Berfluktuasi kurs mata uang tentu dipengaruhi beberapa faktor, antara lain
terkait demand and supplay di pasar
valuta asing, pendapatan rill, ringkat suku bunga, serta kebijikan pemerintah
yang memiliki tujuan tertentu untuk mengendalikan perekonomia, inflasi, serta
nilai tukar rupiah.
Dilihat dari sektor lain seperti kemiskinan,
jumlah penduduk miskin berhasil ditekan menjadi 28,1 juta (11,4 persen) di
tahun 2013, lebih rendah dari tahun 2004 dengan penduduk miskin sejumlah 36,1
juta (16,7 persen). Salah satu rintangan yang dihadapi pemerintahan SBY adalah
meningkatnya harga minyak mentah dunia di tahun 2005 yang memberikan tekanan
terhadap perekonomian nasional.

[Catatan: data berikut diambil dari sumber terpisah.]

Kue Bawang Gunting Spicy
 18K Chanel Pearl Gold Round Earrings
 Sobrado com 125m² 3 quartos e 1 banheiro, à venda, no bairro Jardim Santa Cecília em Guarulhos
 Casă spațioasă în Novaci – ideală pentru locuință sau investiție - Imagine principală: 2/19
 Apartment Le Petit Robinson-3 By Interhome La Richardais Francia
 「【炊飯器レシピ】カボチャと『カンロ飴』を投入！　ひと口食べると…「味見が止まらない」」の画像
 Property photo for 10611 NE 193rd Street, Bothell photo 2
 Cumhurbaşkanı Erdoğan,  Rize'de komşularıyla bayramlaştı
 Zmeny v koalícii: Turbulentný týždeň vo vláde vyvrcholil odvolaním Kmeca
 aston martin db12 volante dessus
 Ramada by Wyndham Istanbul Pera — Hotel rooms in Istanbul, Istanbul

Tetapi hal ini masih mampu diatasi oleh
pemerintah pada masa itu, salah satunya dengan menjalankan langkah stabilisasi
dan perlindungan bagi penduduk miskin yang disemepurnakan dengan sistem
perlindungan sosial ke dalam Program Nasional Pemberdayaan Masyarakat (PNPM);
program ‘Raskin’, yaitu dengan menyubsidi beras untuk masyarakat miskin;
program Askeskin atau Jamkesmas (Jaminan Kesehatan Masyarakat); Program
Keluarga Harapan (PKH); penyediaan dana Bantuan Siswa Miskin (BSM); dan program
kompensasi. Beberapa program di atas dapat dirasakan langsung dampak dan
hasilnya bagi masyarakat Indonesia dan terbukti berhasil menekan angka
kemiskinan di Indonesia meskipun perekonomian sempat mengalami perlambatan
dikarenakan resesi global dan krisis keungan di tahun 2008 sampai 2009.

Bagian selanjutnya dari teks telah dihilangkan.